[Items listed in a dataset]
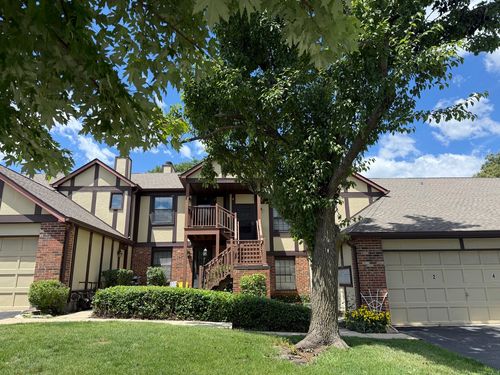 4-372 Sandhurst Cir, Glen Ellyn, IL, 60137-6664 | Card Image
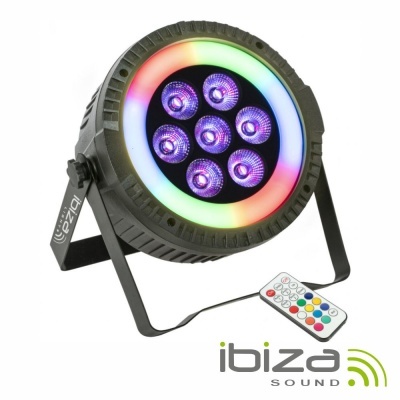 Refletor LED colorido da marca Ibiza Sound com controle remoto e suporte preto.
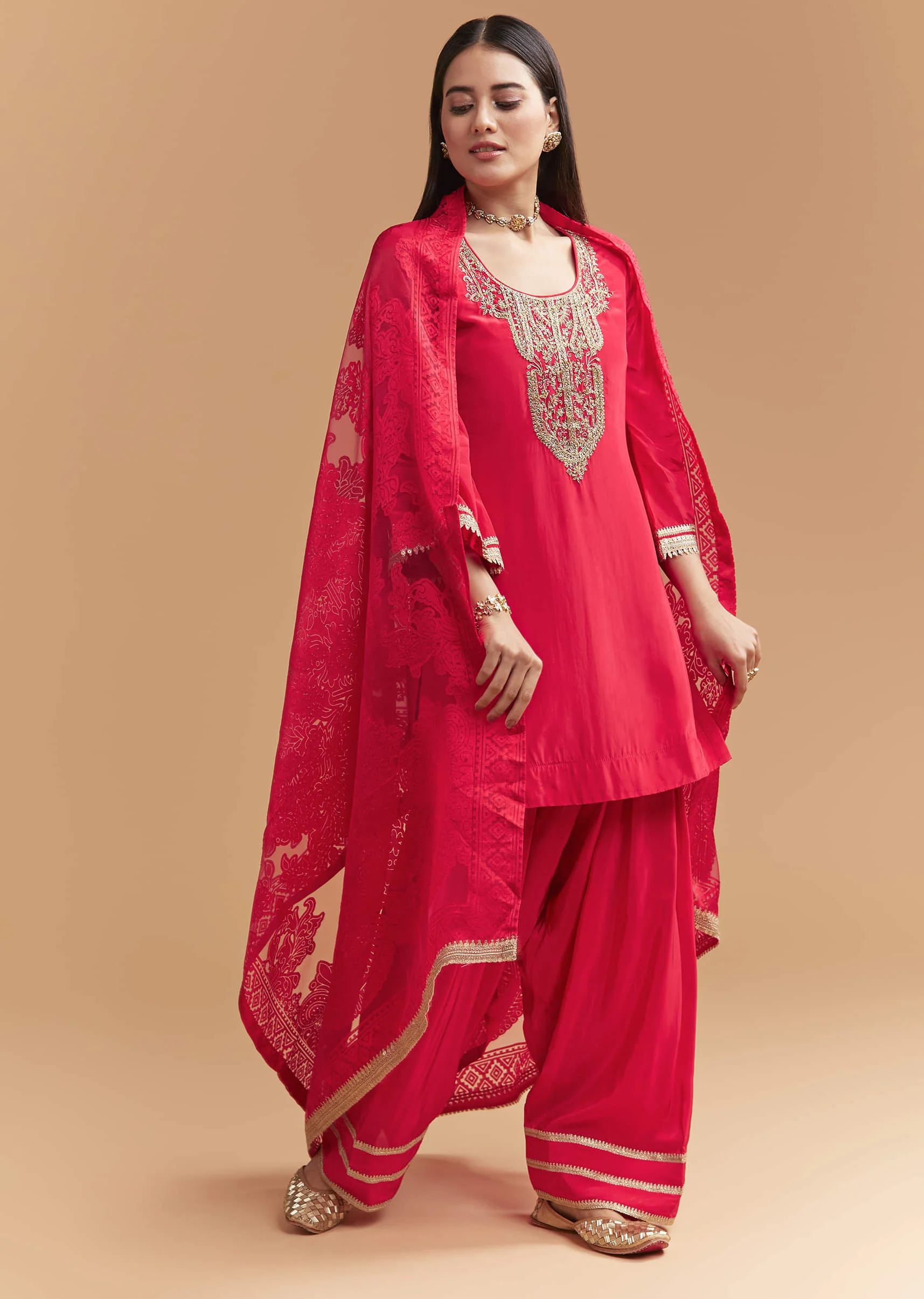 Pink Crepe Kurta Set With Heavy Zardosi Work - Image 3
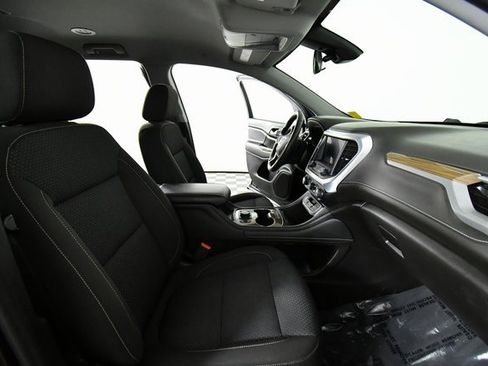 Used 2023 GMC Acadia SLE w/ Driver Convenience Package image 23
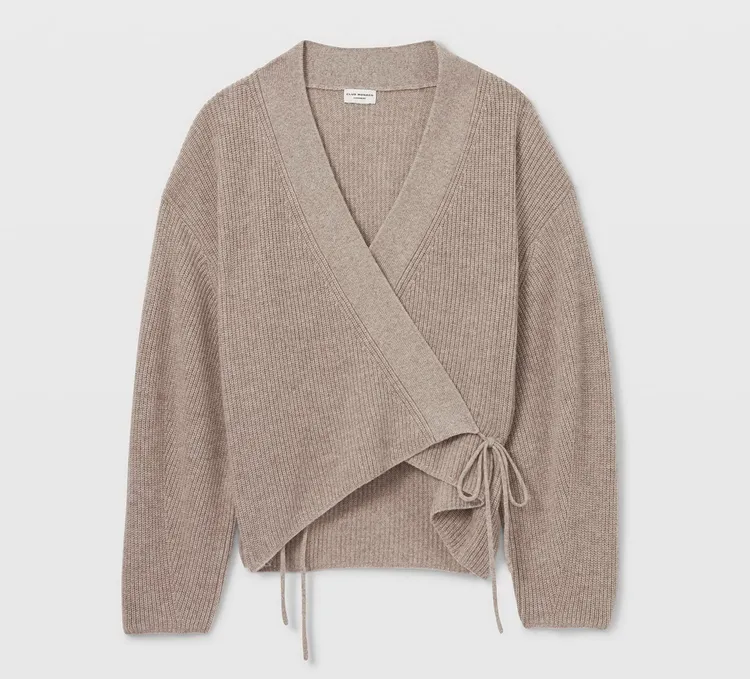 圍裹式喀什米爾女士開襟衫，1萬9900元。品牌提供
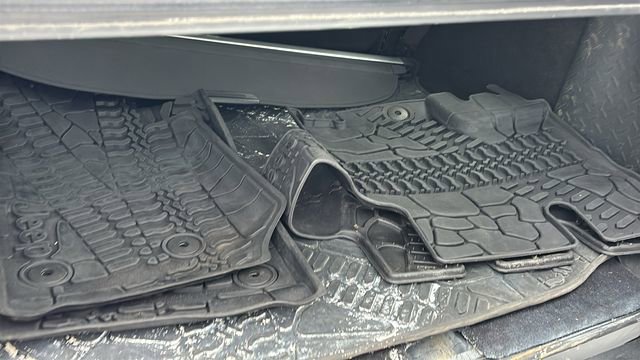 Used 2017 Jeep Wrangler Unlimited Sahara w/ Connectivity Group image 30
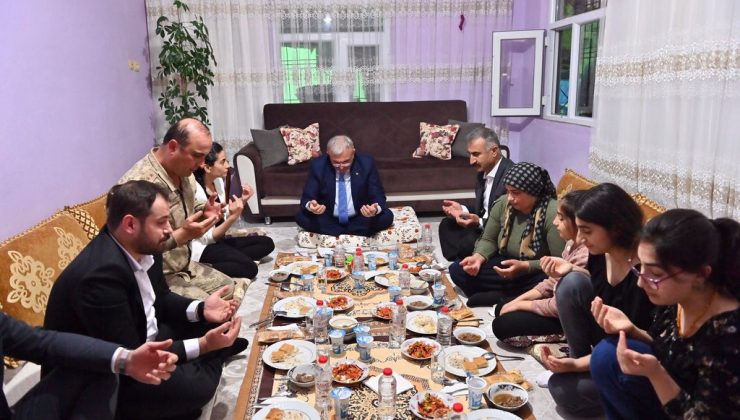 Karaloğlu şehit ailesinin iftar sofrasına misafir oldu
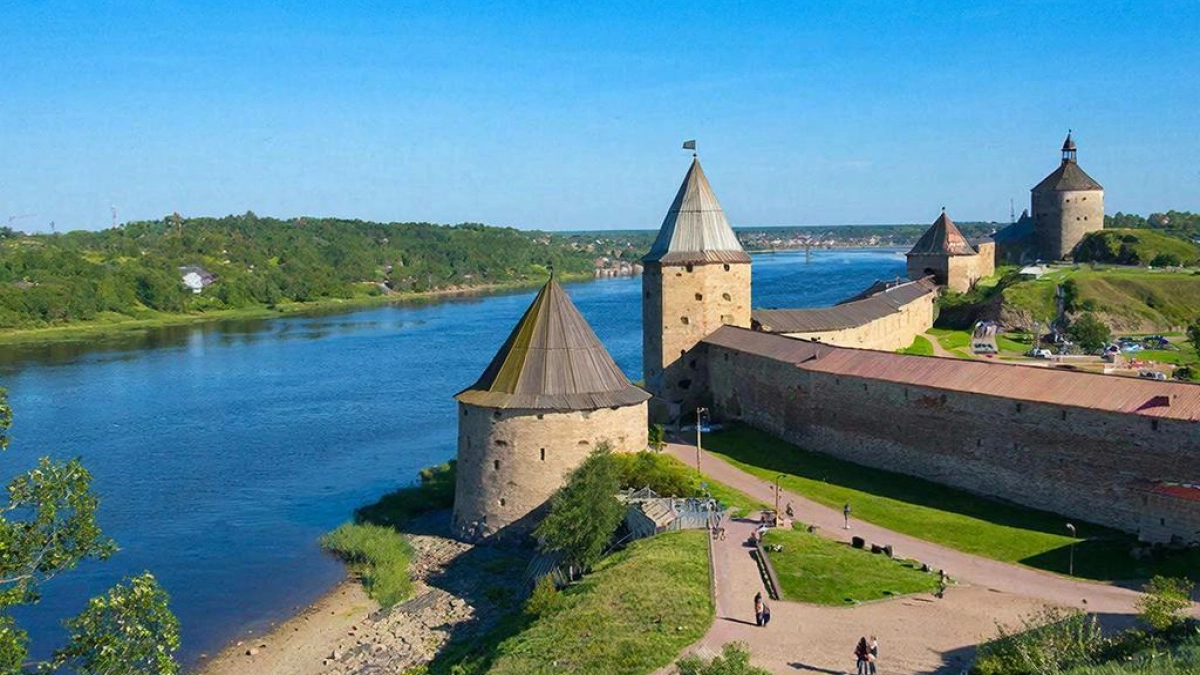 Как живет самый закрытый город России - в двух шагах от границы с Европой: и как туда попасть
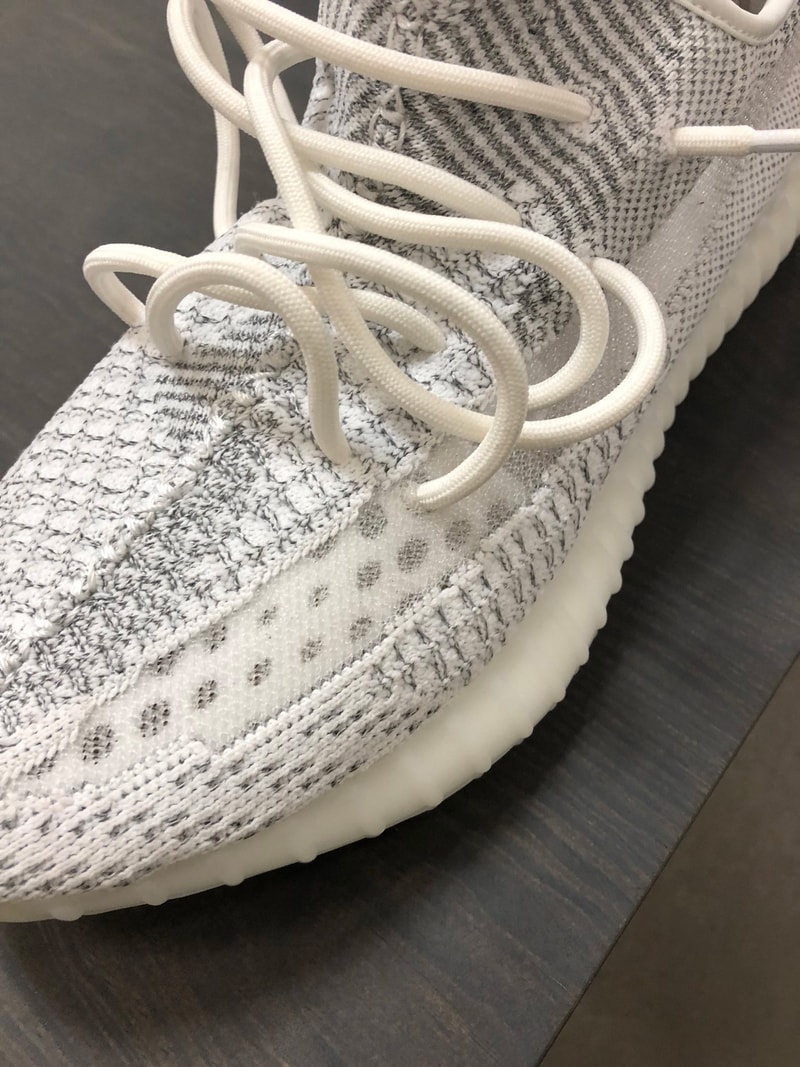 Nouvelles Couleurs Pour les YEEZY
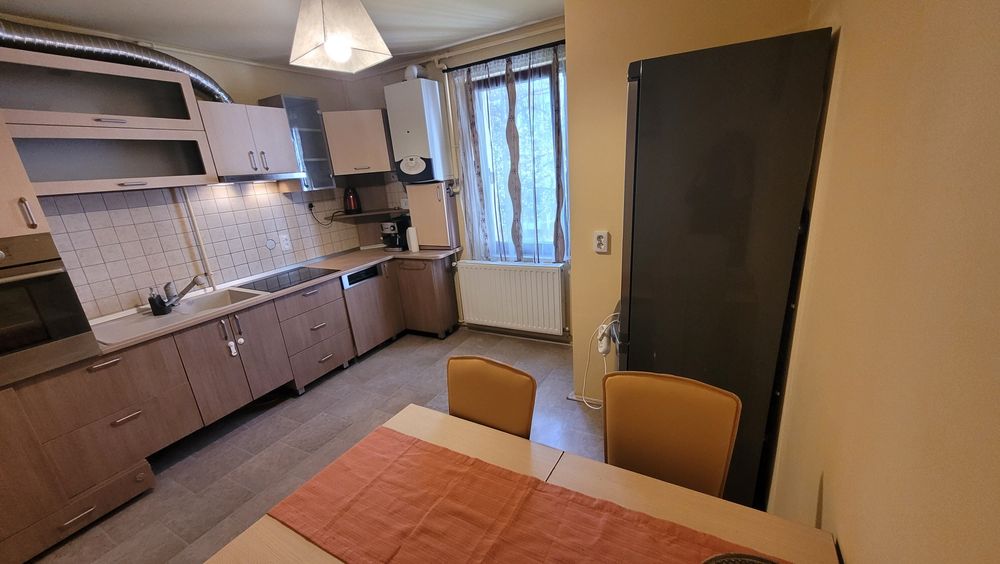 Apartament 3 camere de închiriat – Unirii (etaj 1, lângă școală)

> **TASK DESCRIPTION**:
Leaving all pictures aside, print exactly the lines from the one that contains "Karaloğlu şehit ailesinin" through the last line of the data above, inclusive.

> **OUTPUT FOR THIS TASK**:
 Karaloğlu şehit ailesinin iftar sofrasına misafir oldu
 Как живет самый закрытый город России - в двух шагах от границы с Европой: и как туда попасть
 Nouvelles Couleurs Pour les YEEZY
 Apartament 3 camere de închiriat – Unirii (etaj 1, lângă școală)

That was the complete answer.